Raw data:
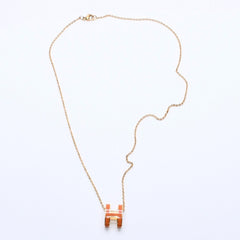 極美品 HERMES エルメス ポップ H ネックレス アクセサリー オレンジラッカー オバールフォルム 真鍮 ゴールド金具 ペンダント 中古 4a003646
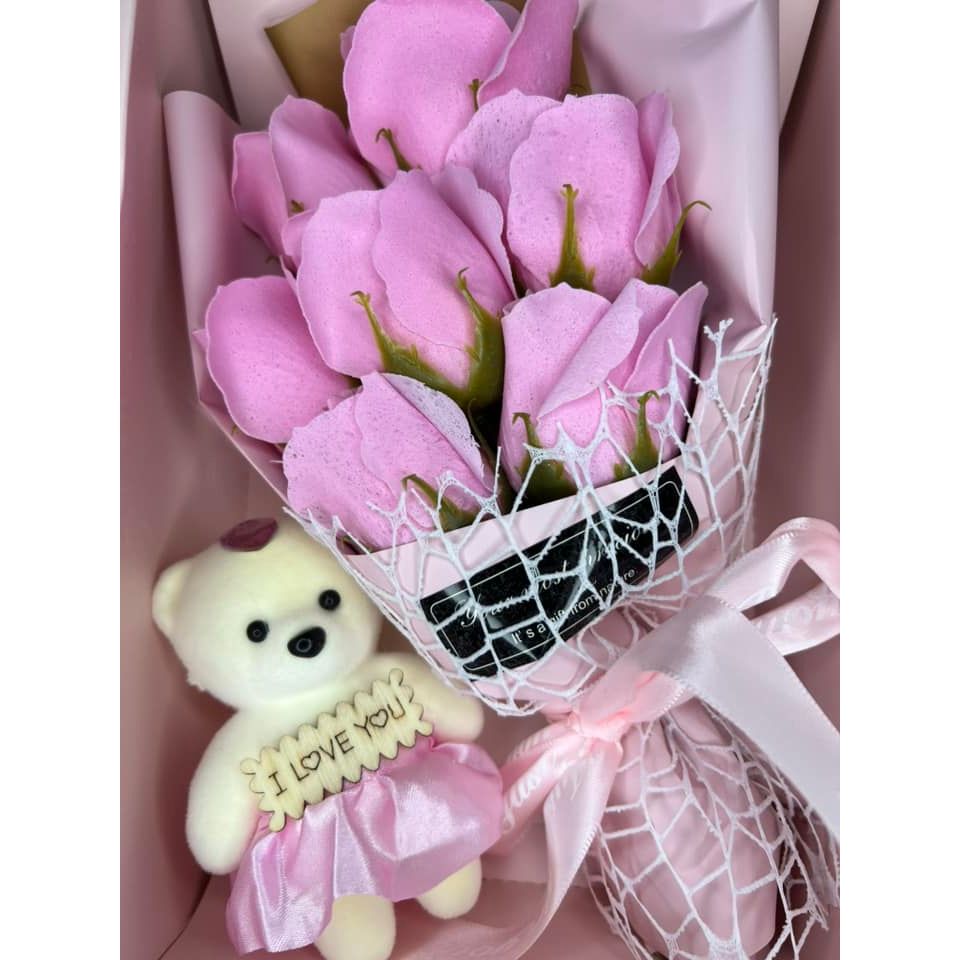 Kvepiančių muilo rožių puokštė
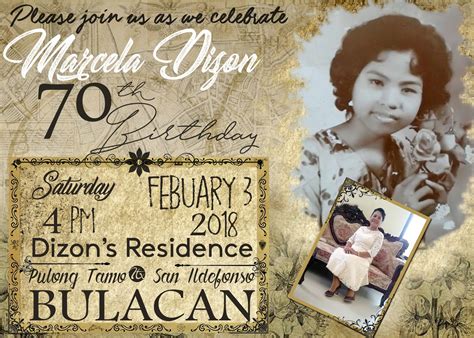 Vintage Sample design for 70th Birthday Invitation - Get Layout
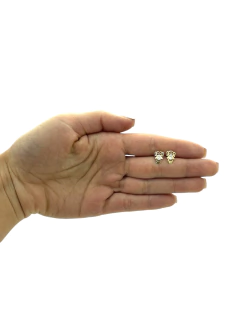 BROQUELES NIÑA 3D CON ZIRCONIA. ORO 10K en internet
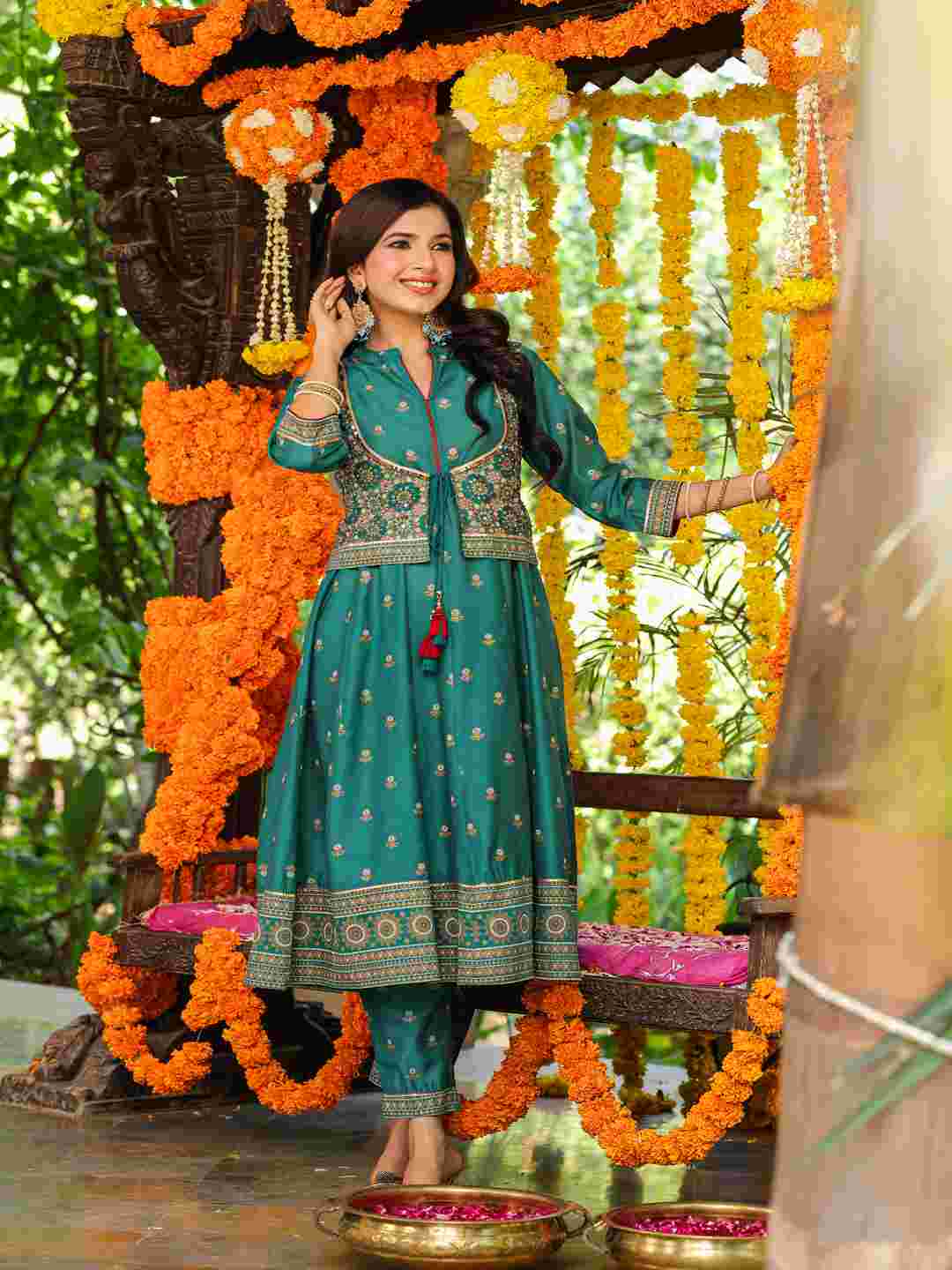 Teal Chanderi Printed Kurta& Pants Set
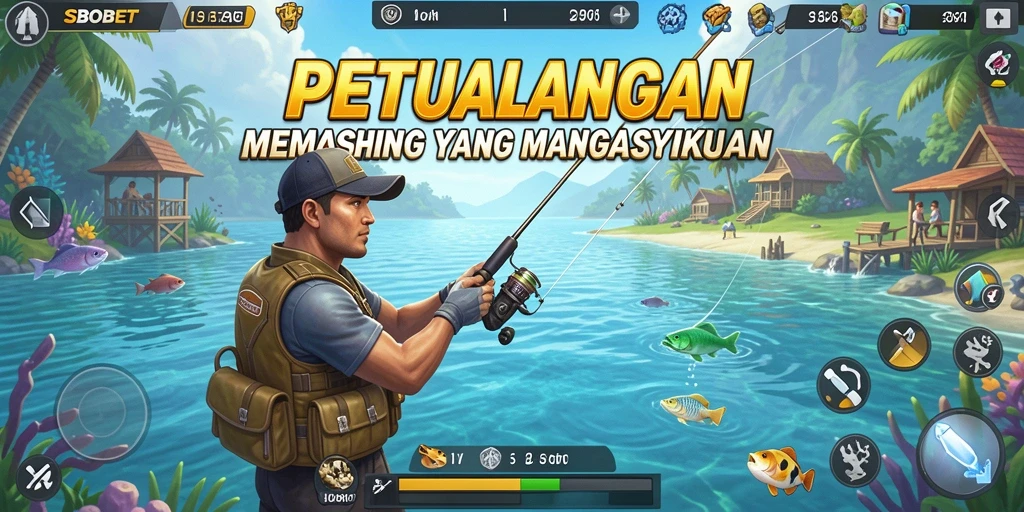 Screenshot gameplay SBOBET menampilkan aksi memancing yang seru dan realistis.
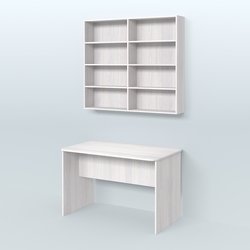 Распаковочный прямоугольный стол с антресолью для аптеки Р-02, Ясень Анкор светлый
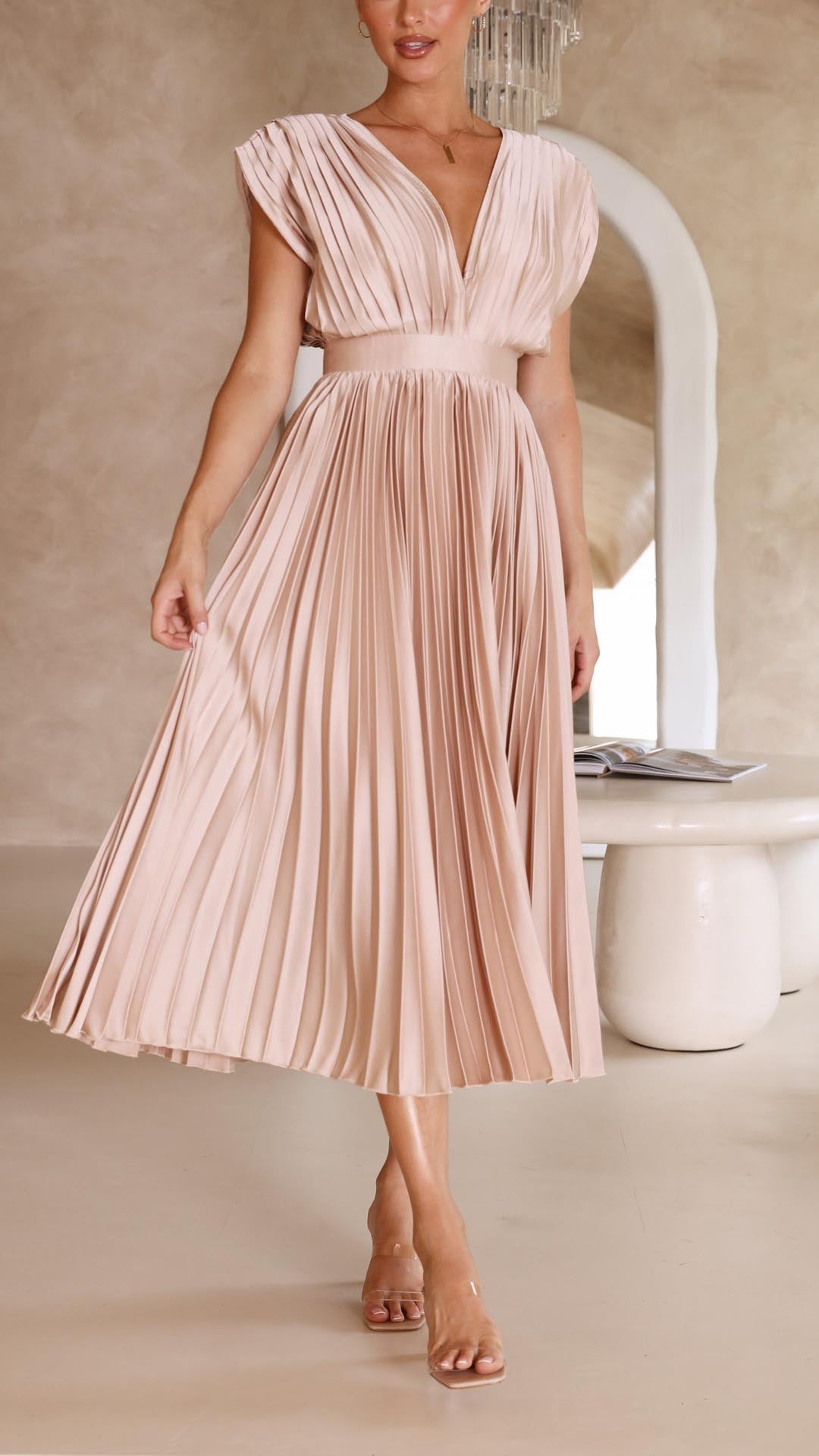 Leann | Pleated Maxi Wedding Guest Dress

Work instructions:
Word for word, return the entries above, but without any pictures.

Answer to the exercise:
 極美品 HERMES エルメス ポップ H ネックレス アクセサリー オレンジラッカー オバールフォルム 真鍮 ゴールド金具 ペンダント 中古 4a003646
 Kvepiančių muilo rožių puokštė
 Vintage Sample design for 70th Birthday Invitation - Get Layout
 BROQUELES NIÑA 3D CON ZIRCONIA. ORO 10K en internet
 Teal Chanderi Printed Kurta& Pants Set
 Screenshot gameplay SBOBET menampilkan aksi memancing yang seru dan realistis.
 Распаковочный прямоугольный стол с антресолью для аптеки Р-02, Ясень Анкор светлый
 Leann | Pleated Maxi Wedding Guest Dress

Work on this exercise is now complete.